Nothing but the lines from the one containing "Xiaaokeji Kapaklı Ve" through the last line of the data below should be returned, each exactly as it stands, pictures excluded.

Excerpts from a dataset:
====================
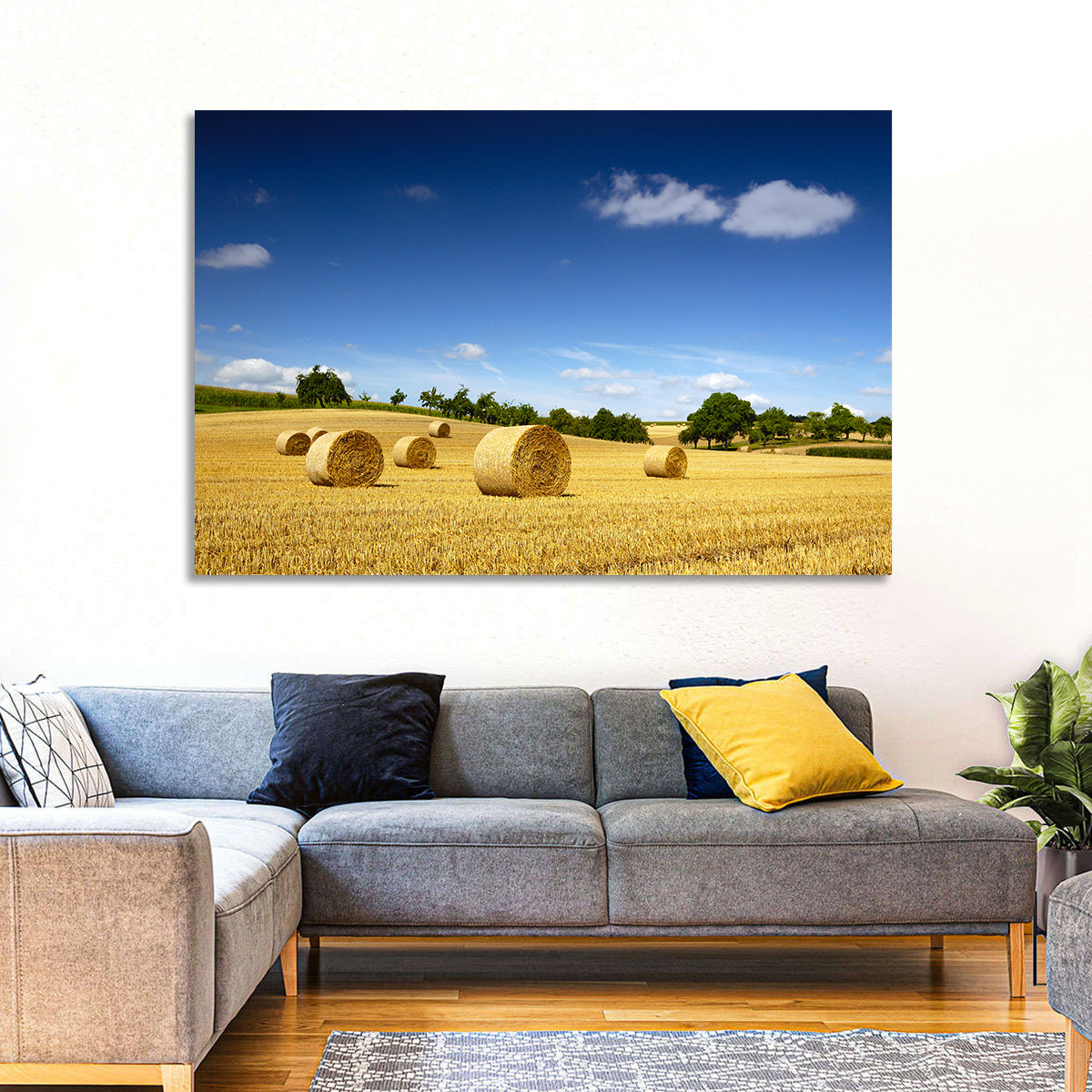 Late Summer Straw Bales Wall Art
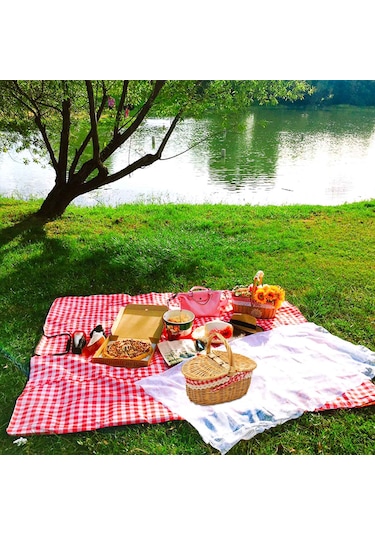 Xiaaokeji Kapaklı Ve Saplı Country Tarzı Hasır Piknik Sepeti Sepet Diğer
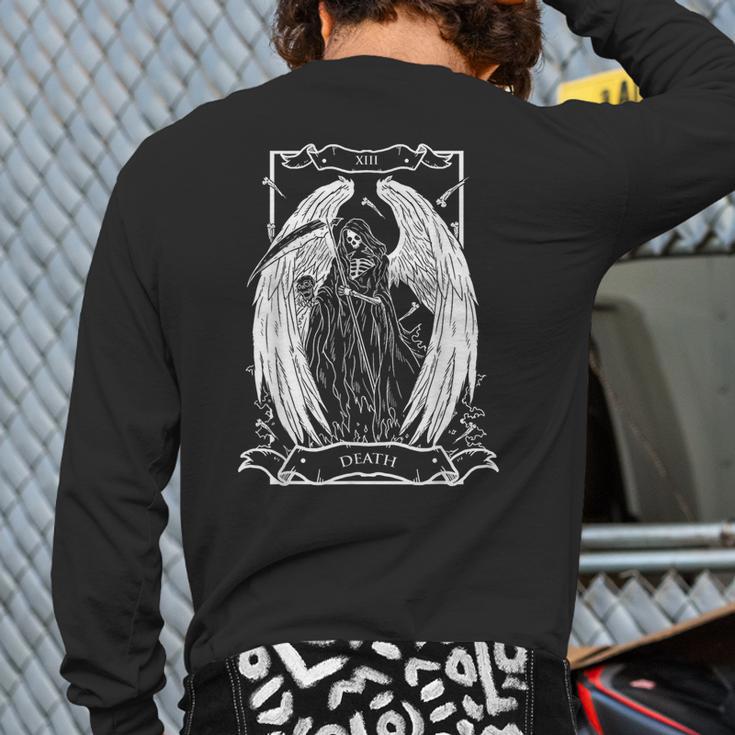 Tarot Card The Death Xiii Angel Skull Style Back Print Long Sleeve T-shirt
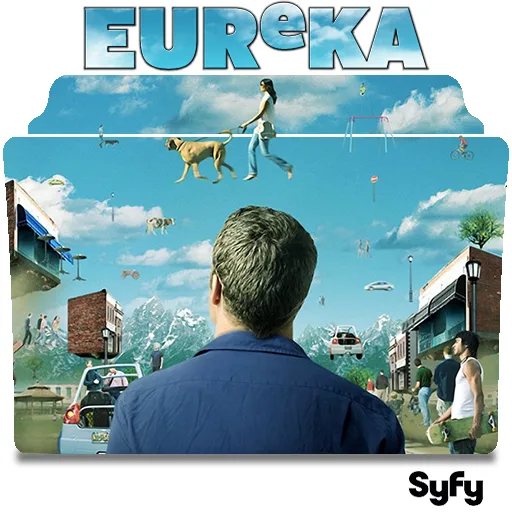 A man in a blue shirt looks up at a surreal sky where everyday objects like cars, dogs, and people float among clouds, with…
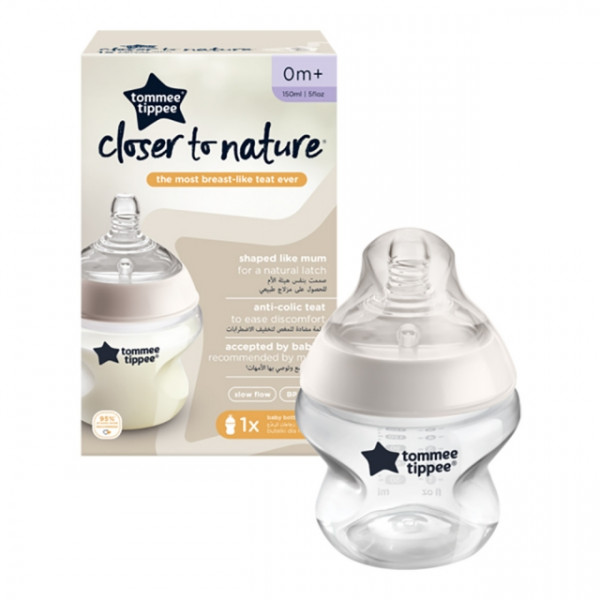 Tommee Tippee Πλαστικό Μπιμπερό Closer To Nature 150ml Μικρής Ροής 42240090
====================
COMPLETED EXERCISE —
 Xiaaokeji Kapaklı Ve Saplı Country Tarzı Hasır Piknik Sepeti Sepet Diğer
 Tarot Card The Death Xiii Angel Skull Style Back Print Long Sleeve T-shirt
 A man in a blue shirt looks up at a surreal sky where everyday objects like cars, dogs, and people float among clouds, with…
 Tommee Tippee Πλαστικό Μπιμπερό Closer To Nature 150ml Μικρής Ροής 42240090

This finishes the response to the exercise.